Он не мог понять, что привело нас в Мостар. Я видел, мы ему мешаем. Снова наступила пауза, и, прежде чем мать раскрыла рот, я дернул ее за рукав и поднялся. То же сделала и она, а за нею учитель.
— К сожалению, мы должны идти, — сказала мать. — Завтра мы уезжаем, а у нас есть еще кое-какие дела.
Учитель кивнул: он нас не задерживал.
— Так до свидания! — продолжала мать. — Я рада, что нашла хоть одного знакомого.
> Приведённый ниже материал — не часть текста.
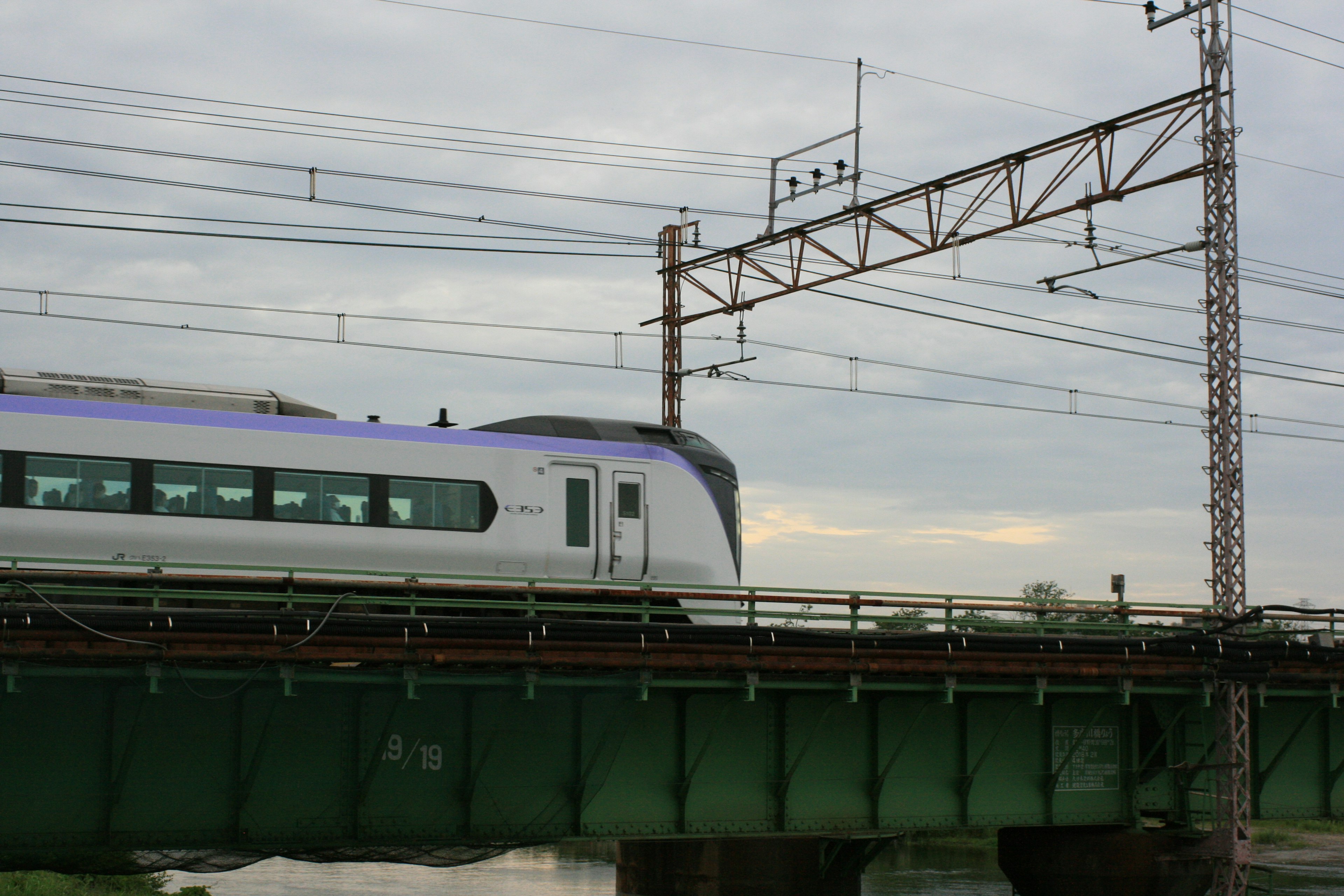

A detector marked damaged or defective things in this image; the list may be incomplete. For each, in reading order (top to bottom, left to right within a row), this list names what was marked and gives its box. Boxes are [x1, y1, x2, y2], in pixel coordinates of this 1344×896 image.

rusty steel gantry truss [656, 0, 1252, 887]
— До свидания, сударыня! Мне было очень приятно… — сказал учитель, распахнул дверь и крикнул: — Елена, проводи госпожу!
Мы еще шли по коридору, а он уже вернулся к столу, сел и взялся за газету; в коридоре нас встретила его тощая дочь, повела к двери и открыла ее, не говоря ни слова.
— До свидания! — сказали мы.
— До свидания! — ответила она, закрыла дверь, и мы спустились на улицу.
Было около шести часов; жара немного спала. Мать, погруженная в мысли, молчала и шла, глядя прямо перед собой.
— Он очень изменился… И я бы его не узнала. В конце концов это и не удивительно после двадцати лет… — проговорила она как бы про себя, но достаточно внятно, чтобы я слышал; так как я не поддержал разговора, добавила: — Жаль! — И мы молча дошли до гостиницы.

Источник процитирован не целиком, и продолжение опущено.